Employee stock options often represent a significant portion of an executive's net worth. This may be particularly true for executives working for technology or other emerging growth companies, due to the prevalence of stock options in these companies and their potential for significant appreciation in value. With a top federal estate tax rate of 55%, it is becoming increasingly common for executives to consider removing this asset from their taxable estate by transferring the options to family members or to a trust for the benefit of family members. A transfer of employee stock options, however, involves consideration of various estate, gift and income tax rules.
This article examines the federal estate, gift and income tax consequences of option transfers by an employee and addresses certain related securities laws issues. As this article points out, employers and employees who are interested in pursuing an option transfer should proceed with caution.
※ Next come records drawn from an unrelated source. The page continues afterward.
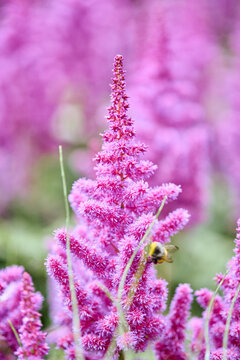 Close-up of vibrant pink astilbe flower with bee in natural garden setting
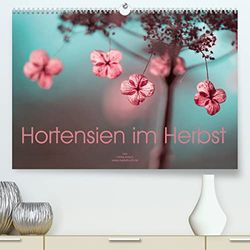 Hortensien im Herbst (hochwertiger Premium Wandkalender 2024 DIN A2 quer), Kunstdruck in Hochglanz: Verblühte Details erstrahlen im Licht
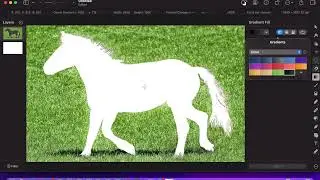 Erase An Object  - Using PIXELMATOR PRO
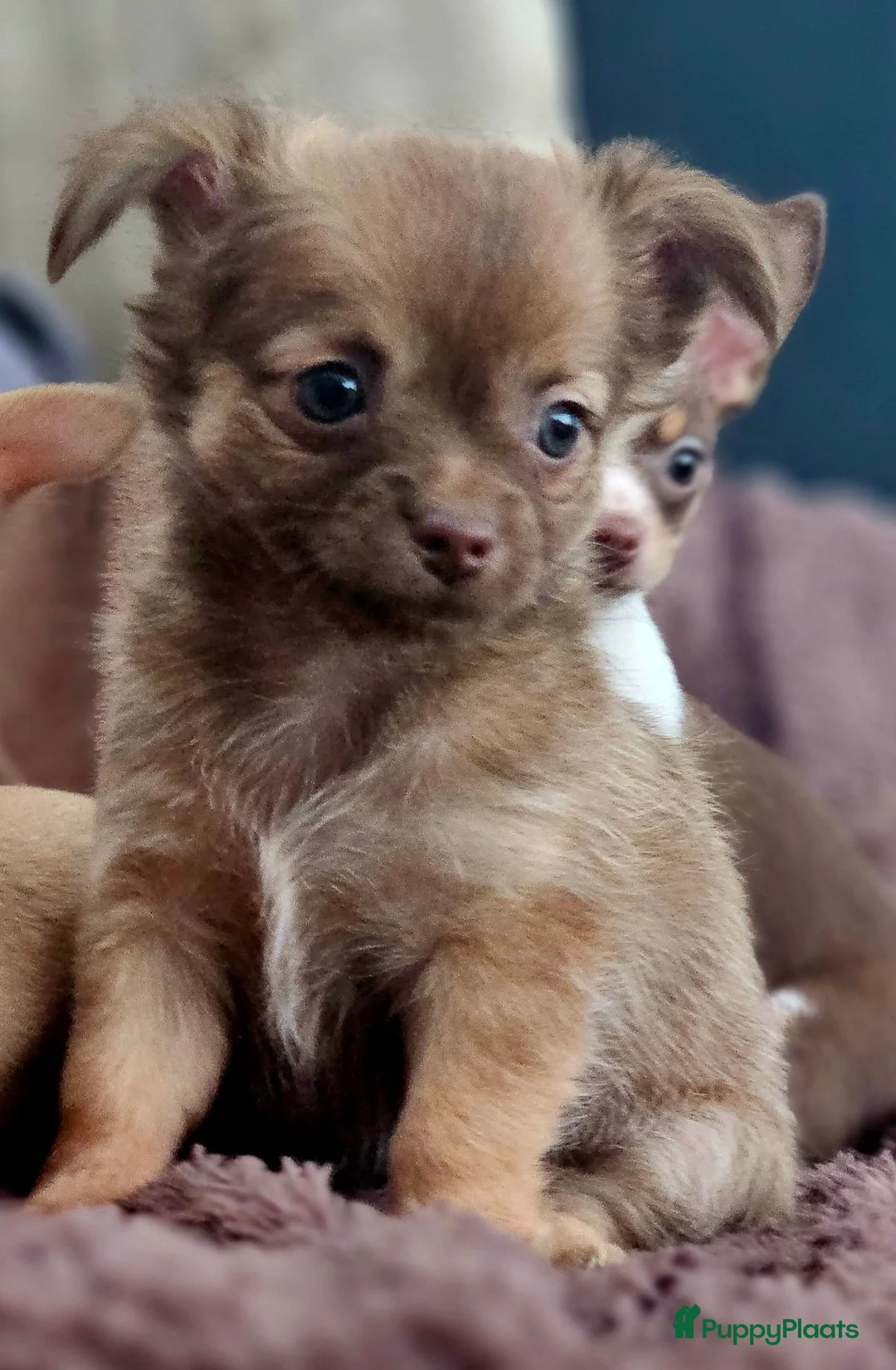 Chihuahua honden te koop: Raszuivere Chihuahua pups reutjes - Advertentie 19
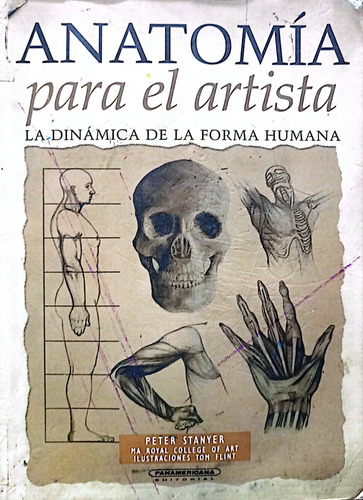Anatomía Para El Artista La Dinámica De La Forma Humana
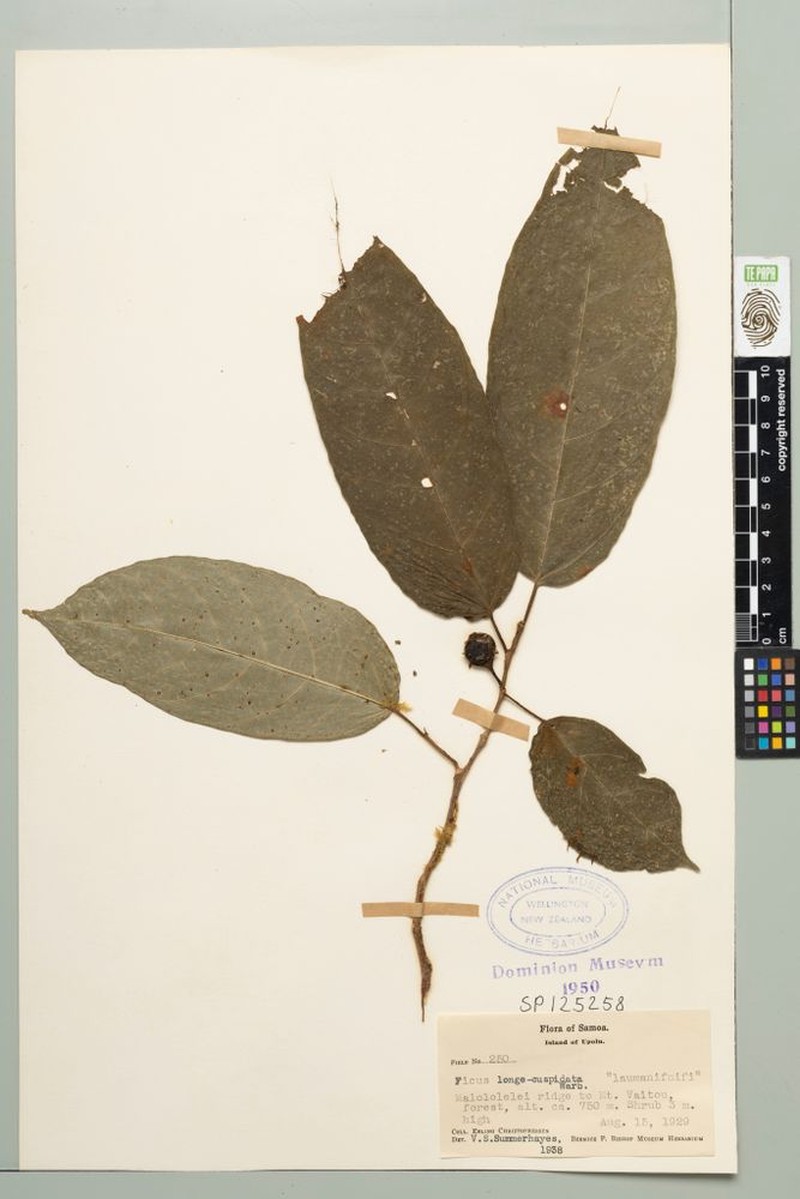 Ficus longecuspidata photo 2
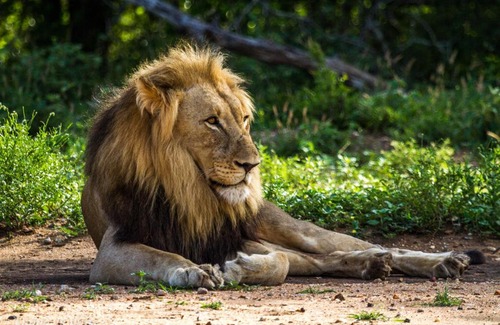 Maruleng Cabina | Big 5 Self-catering Lodge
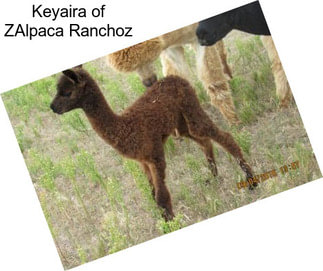 Keyaira of ZAlpaca Ranchoz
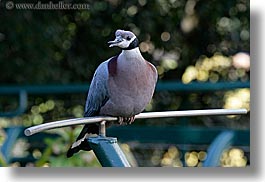 images/California/SanDiego/Zoo/bird-1.jpg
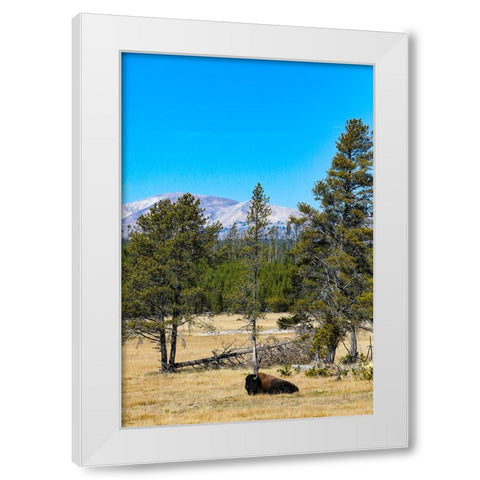Yellowstone National Park-Wyoming-USA Buffalo White Modern Wood Framed Art Print by Sienda, Jolly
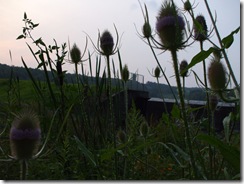 DSCF1904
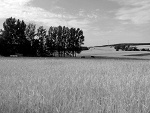 Fotoblog marvelouscrime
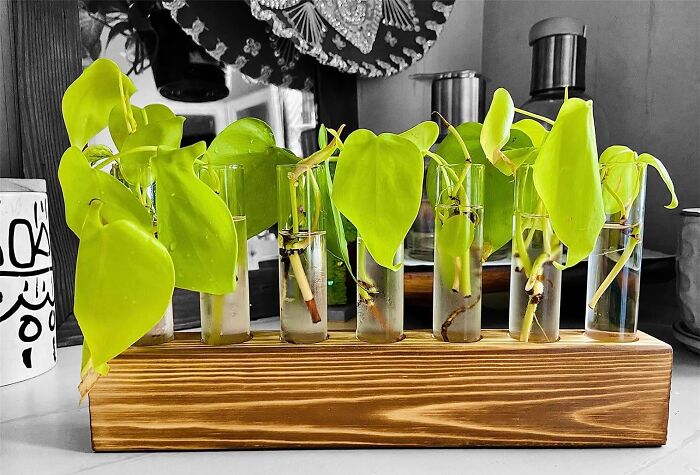 Green plants in glass test tubes arranged on a wooden stand, perfect for home decor shopping lists.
Employers commonly grant stock options to employees, either in the form of "incentive stock options" ("ISOs") or "nonqualified stock options " ("NSOs"). ISOs offer employees certain tax benefits and are subject to qualification requirements under the Internal Revenue Code ("IRC"). (IRC §422.) Among other things, ISOs are subject to a general prohibition against transfer, although ISOs may be transferred to an employee's beneficiaries (including the employee's estate) upon the employee's death. (IRC §422(b)(5).) An option that is transferred (or transferable) during the employee's lifetime, whether by its original terms or by subsequent amendment, will not qualify as an ISO but will instead be treated as an NSO for tax purposes.
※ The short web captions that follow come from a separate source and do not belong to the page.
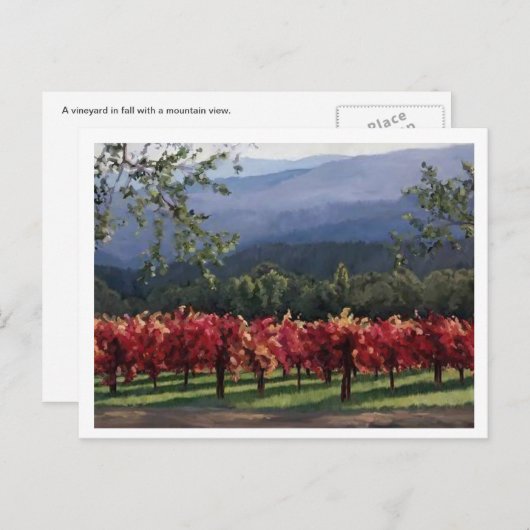 Carte Postale Vineyard (Devant / Derrière)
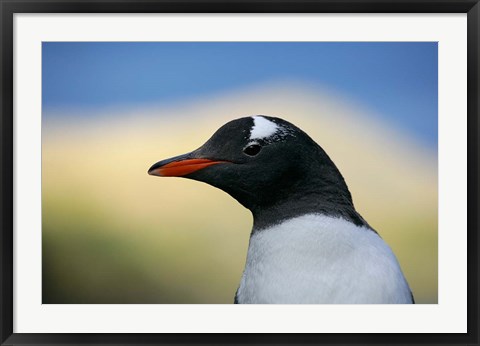 Framed South Georgia Island, Stromess Bay, Gentoo penguin Print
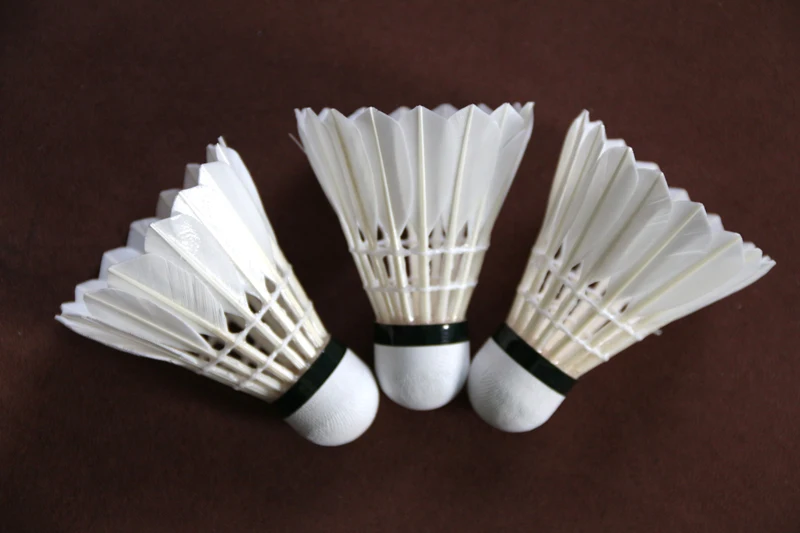 

Eroswing Professional School Competition Training Ball Round Duck Feather Ball Shuttlecock Badminton Stable 12pcs/dozen Durable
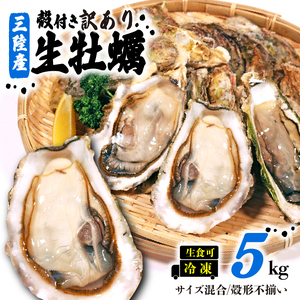 訳あり 数量限定 生産調整品 牡蠣 5kg (生食可) かき カキ 冷凍 岩手県産 殻付き 生食 生食用 訳あり わけあり 大きさ不揃い 不揃い 三陸 三陸産 株式会社國洋 岩手県 大船渡市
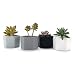 T4U 2.75 Inch Ceramic Six Sizes Semi Luster Surface Succulent Plant Pot/Cactus Plant Pot Flower Pot/Container/Planter Full Colors Package 1 Pack of 4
Even though NSOs are not subject to the ISO nontransferability limitation, many stock option plans contain restrictions on transfer similar to those that apply to ISOs. Employers that do allow employees to transfer their options generally do so on a restricted basis by, for example, limiting option transfers to the employee's family members or to a family trust.
Estate Tax Considerations
If an employee dies holding unexercised employee stock options, the value of the option at the time of death (i.e., the difference between the fair market value of the shares and the option exercise price) will be included in the employee's estate and subject to estate tax. (IRC §2031.) Typically, following the employee's death, the options may be exercised by the executive's estate or by his or her heirs. In either case, the income tax consequences upon exercise after the employee's death depend on whether the option is an ISO or an NSO.
In the case of an ISO, exercise will not generate taxable income and the purchased shares will have a tax basis that "steps up" to their fair market value at the time of the executive's death. (IRC §421(a)(1),(c)(3).) A subsequent sale of the shares will generate capital gain or loss. In the case of NSOs, exercise will trigger ordinary income measured as the difference between the fair market value of the shares at the time of exercise and the option exercise price, subject to a deduction for any estate tax paid with respect to the NSO. There is no step up in the tax basis as the result of the employee's death. (IRC §83 (a).)
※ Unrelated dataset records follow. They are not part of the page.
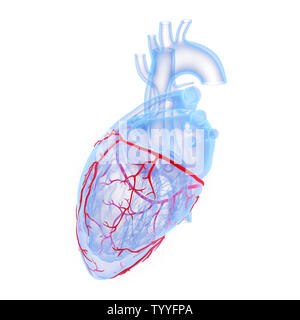 Médicalement en rendu 3d illustration de la précision des vaisseaux coronaires du coeur Banque D'Images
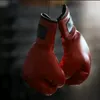 noah_boxe4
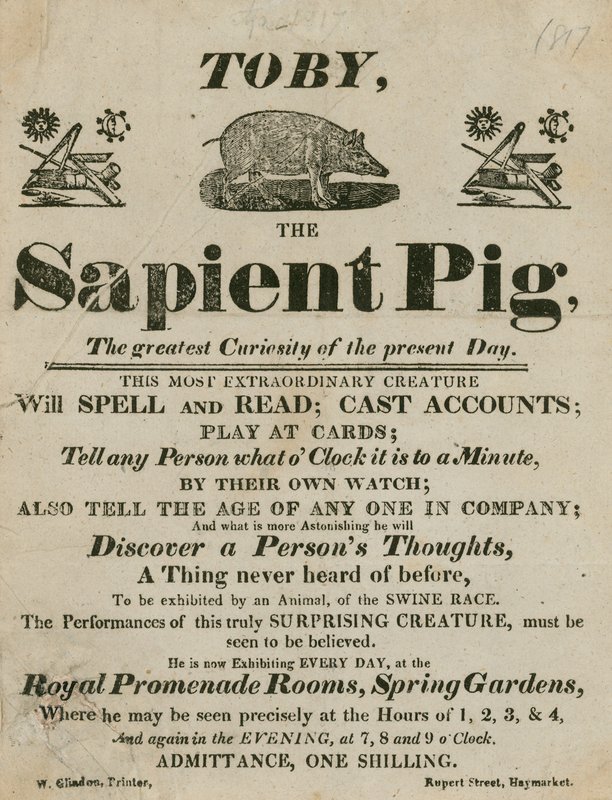 Publicité pour Toby le Cochon Savant, la plus grande curiosité du moment - English School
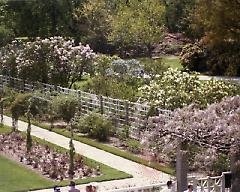 [flower beds]
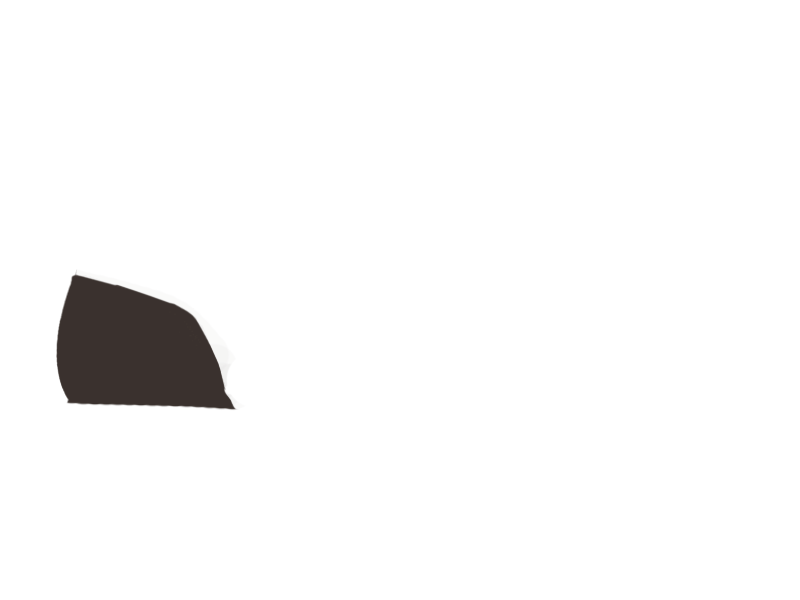 TABACCO LEATHER
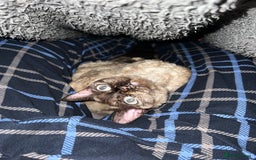 Devon Rex cats for sale: Devon Rex  - Image 2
As mentioned above, however, ISOs are not transferable during the employee's lifetime. Since ISOs do not present the same estate planning opportunities as NSOs, this discussion is limited to the transferability of NSOs (including ISOs that become NSOs as a result of an amendment to permit transferability or as a result of an actual option transfer).
A transfer of employee stock options out of the employee's estate (i.e., to a family member or to a family trust) offers two main estate planning benefits: first, the employee is able to remove a potentially high growth asset from his or her estate; second, a lifetime transfer may also save estate taxes by removing from the employee's taxable estate the assets that are used to pay the income and gift taxes that result from the option transfer. At death, estate taxes are computed on the basis of the decedent's gross estate prior to the payment of taxes. In other words, estate tax is paid on the portion of the estate that is used to pay estate taxes.
For example, if the decedent's taxable estate is $1 million and the estate tax is $300,000, the estate will have paid estate taxes on the $300,000 used to pay the tax. By removing from the decedent's taxable estate assets that will otherwise be used to pay the tax, only the "net" value of the decedent's estate is taxed at death. If the employee transfers options and incurs gift and later income taxes as a result (discussed below), the ultimate estate tax burden is reduced.
Gift Tax Considerations
A transfer of property by way of gift is subject to the gift tax rules. These rules apply whether the transfer is in trust or otherwise, whether the gift is direct or indirect, and whether the property is real or personal, tangible or intangible. (IRC §2511; Treas. Reg. §25.2511-2(a).) For gift tax purposes, an option is considered property. (See Rev. Rul. 80-186, 1980-2 C.B. 280.)
When an option is transferred by way of gift, the amount of the gift is the value of the option at the time of transfer. The gift tax regulations provide that the value of property for gift tax purposes is the price at which the property would change hands between a willing buyer and a willing seller, neither being under any compulsion to buy or sell, and both being reasonably knowledgeable of the relevant facts. (Treas. Reg. §25.2512-1.)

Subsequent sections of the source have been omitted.